In addition to child custody and property division, determining which party gets to keep the family pet in a divorce is a major concern for Pennsylvania couples preparing for a legal split. For some divorcing couples, informal shared custody arrangements are the best option in a legal system that treats pets like property rather than family members. Nearly 80 million American households report owning a pet, according to the American Pet Products Association.
Two out of every five couples who marry end up divorced, raising the question of who gets custody of their companion animals. The courts are reluctant to arbitrate pet custody and when they do, the arrangement is often identical to those offered for dividing property such as houses and cars. Nonetheless, emotional attachment can cause pets to become one of the most heated aspects of divorce negotiations.
Judges can exercise significant discretion when it comes to what to do with a companion animal during a divorce. So far, most judges have refused to deliver custody arrangements or hold hearings for pet custody. Instead, couples can hire lawyers to draft a separate contract. While these legal agreements may not always be taken seriously in court, they can help prevent further hostility between divorcing spouses.

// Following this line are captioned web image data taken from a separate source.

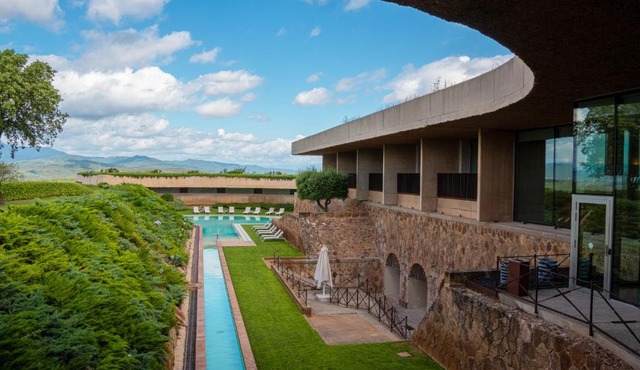 Hotel Esperit Roca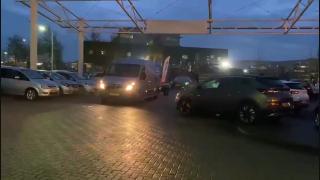 Cor de Ruiter 25 jaar in dienst bij Broekhuis Opel Harderwijk
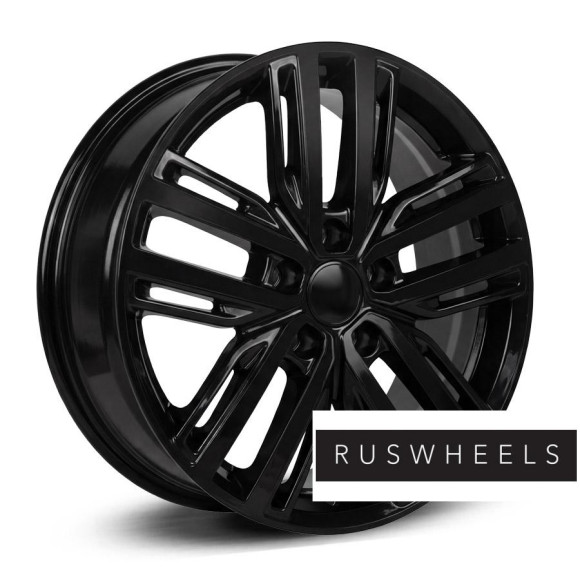 Диски Carwel R17 / 7J PCD 5x114.3 ЕТ 35 ЦО 60.1 Иртыш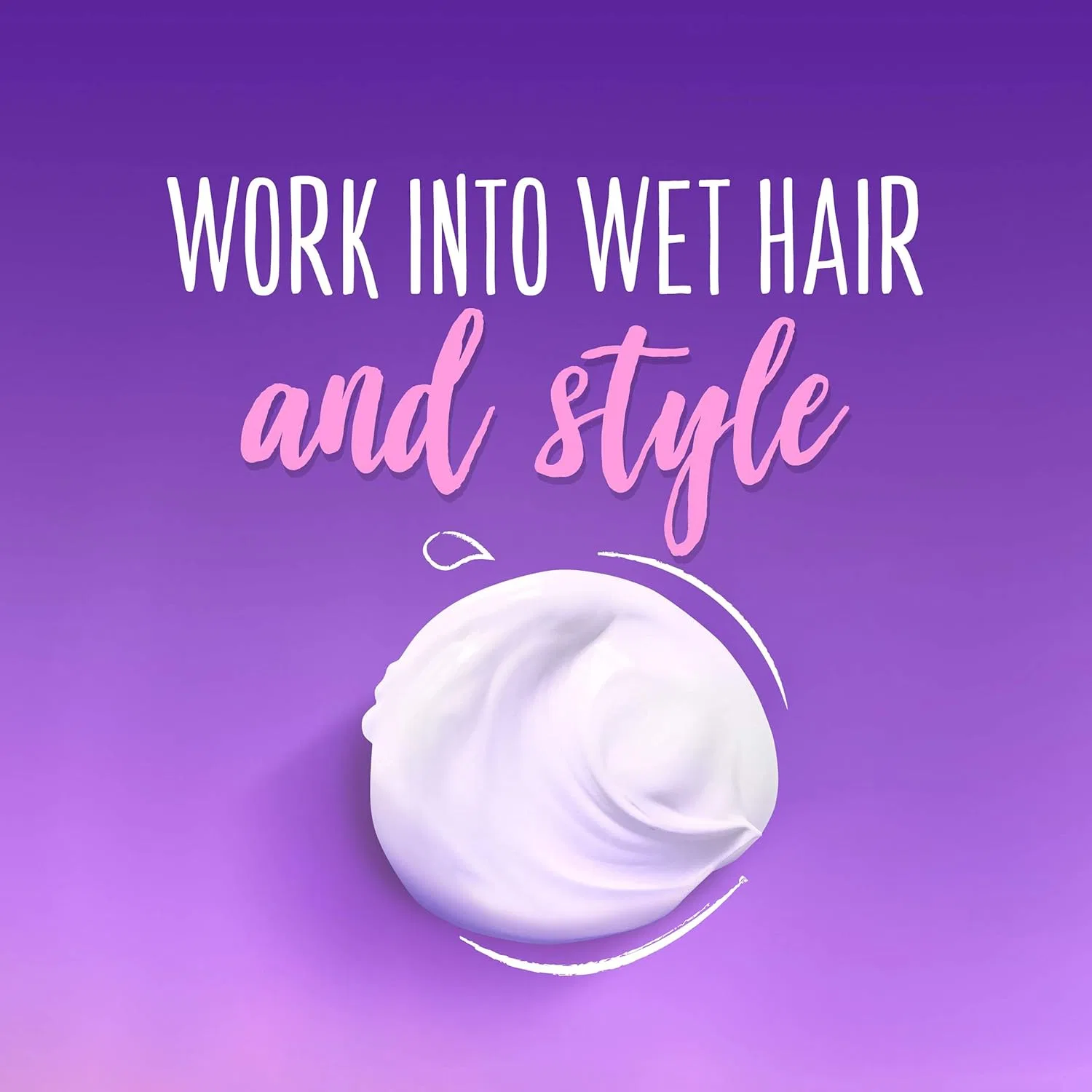 Крем для кудрявых волос Aussie Miracle Curls Frizz Taming с кокосом и жожоба Aussie — фото 4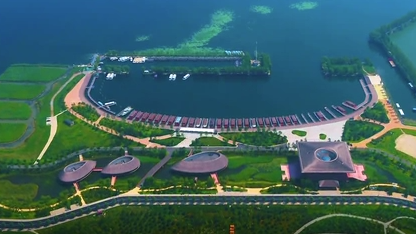 穿越中国新坐标丨千年之城，未来之城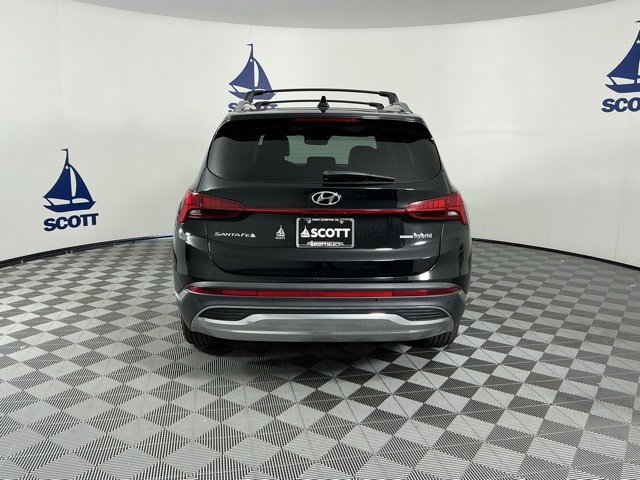 Used 2022 Hyundai Santa Fe Limited image 5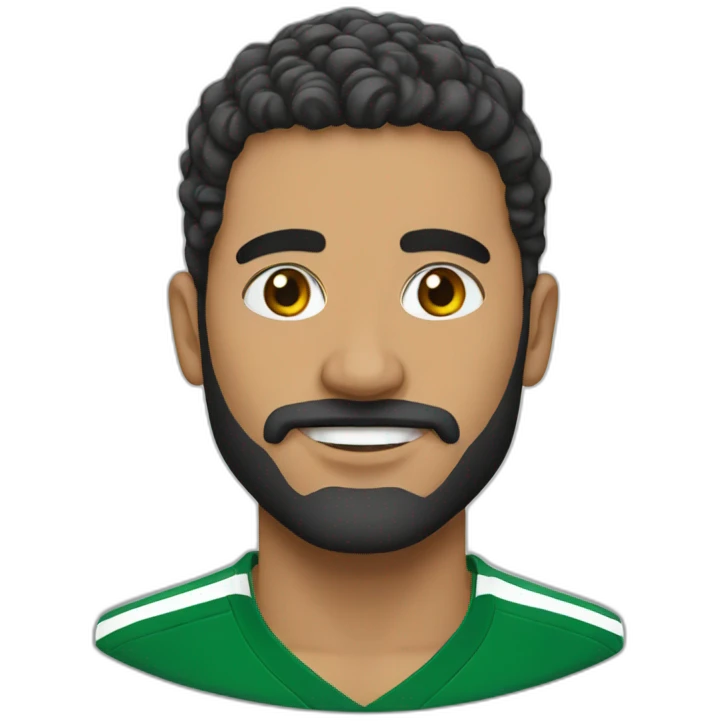 Mouloudia emoji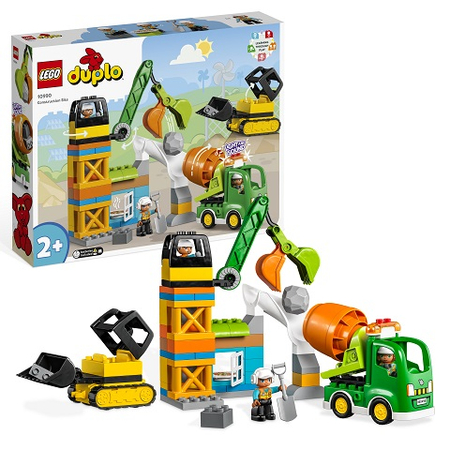 LEGO 10990 DUPLO Budowa
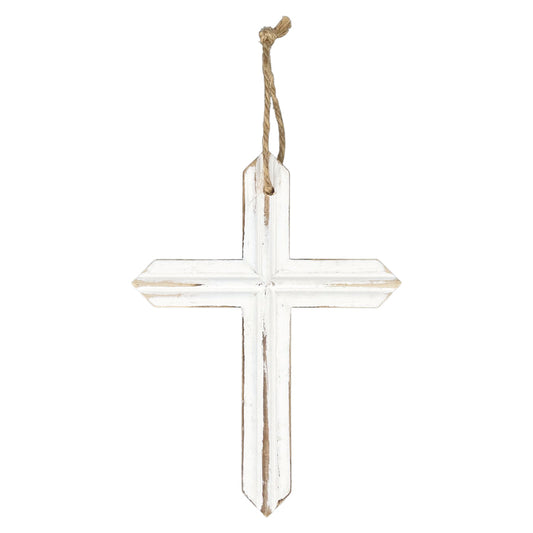 WAF34111 - Whitewashed Cross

Going through a divorce is a difficult process, especially when matters of custody and property division arise. From traditional child custody arrangements to determining the ownership of a pet, a lawyer may be able to provide the representation that a divorcing party needs. A lawyer may work to ensure that his or her client is represented fairly and help draft agreements that facilitate a fair pet custody arrangement. Pets may not have the same protections as children in the legal system, but drafting documentation is often a good step toward ensuring that their well-being is taken into account.